The first Paddington movie in 2014 is already such a beloved classic that it’s hard to believe that this sequel actually tops it. Writer-director Paul King and his cast are back with their whimsical approach, combining silly comedy with surreally deranged touches that bring these people to life in ways that are both hilarious and deeply endearing. And this time, the plot feels more developed and the humour even funnier.
We catch up with Paddington (voiced by Ben Whishaw) as he’s now a fixture in his Notting Hill neighbourhood. With his Aunt Lucy’s 100th birthday approaching, he wants to give her the hand-made pop-up book of London landmarks he discovers in Gruber’s (Jim Broadbent) second-hand shop and starts working odd jobs to save up to buy it. What he doesn’t know is that a neighbour, washed-up actor Phoenix (Hugh Grant), knows that the book is a map to a hidden treasure. When Phoenix steals it and frames him, Paddington’s adoptive family (Hugh Bonneville, Sally Hawkins, Madeleine Harris, Samuel Joslin and Julie Walters) launch a plan to clear his name.
As in the first movie, King fills every scene with delightful details, colourfully imaginative touches and witty gags that will make the film surprising every time we watch it. But none of this cleverness detracts from the characters, and all of them are superbly written and played to bring out their sparky personalities. Even the big action set-pieces are all intricately connected to the characters and plot, building to a climactic sequence that ties everything together in a way that’s exhilarating.
All of this is beautifully anchored, as before, by Whishaw’s mischievous, curious voice work and some seriously skilled animation that makes Paddington look utterly real. And while all of the actors are excellent, the show is stolen by Grant as a riotously hammy actor who thinks he’s a master of disguise. Every moment he’s on screen is laugh-inducing. And the other terrific new character is Brendan Gleeson’s prison cook Knuckles, a menacing brute who comes to life when Paddington literally brings colour to the jailblock by accidentally dying the inmates’ uniforms pink.

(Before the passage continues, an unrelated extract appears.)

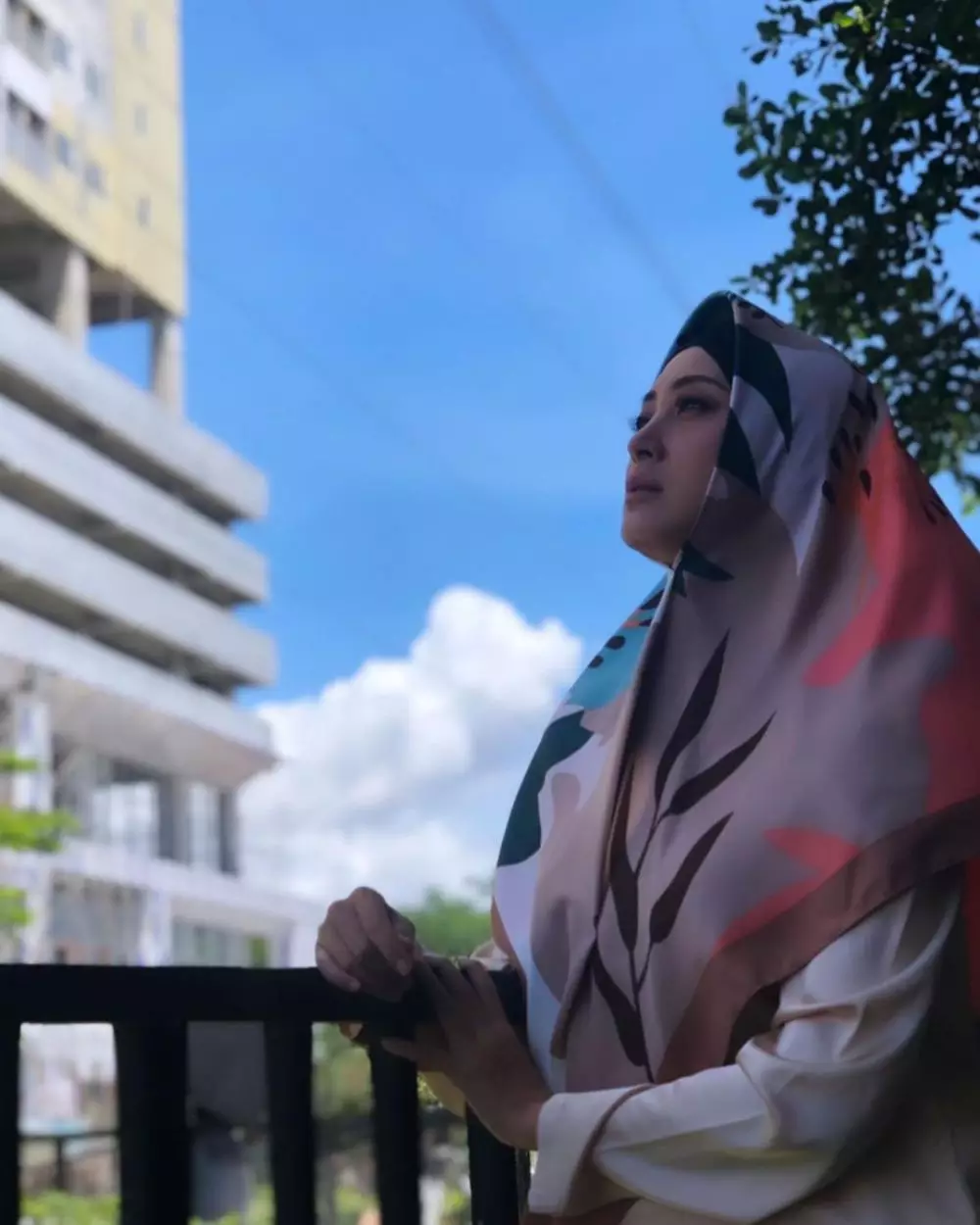 Potret Della Puspita pakai hijab © 2020 brilio.net/ Instagram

Basically, both cast and crew are having so much fun that the mood is infections. And King isn’t afraid to indulge in goofy antics or classic-style slapstick routines that are even funnier because they’re so inevitable. It’s also refreshingly designed with a timeless style that’s quirky and inventive rather than gimmicky-cool, undercutting the sentimentality with good-hearted sarcasm while making the important point that we need to take care of each other. So how long do we have to wait for another adventure?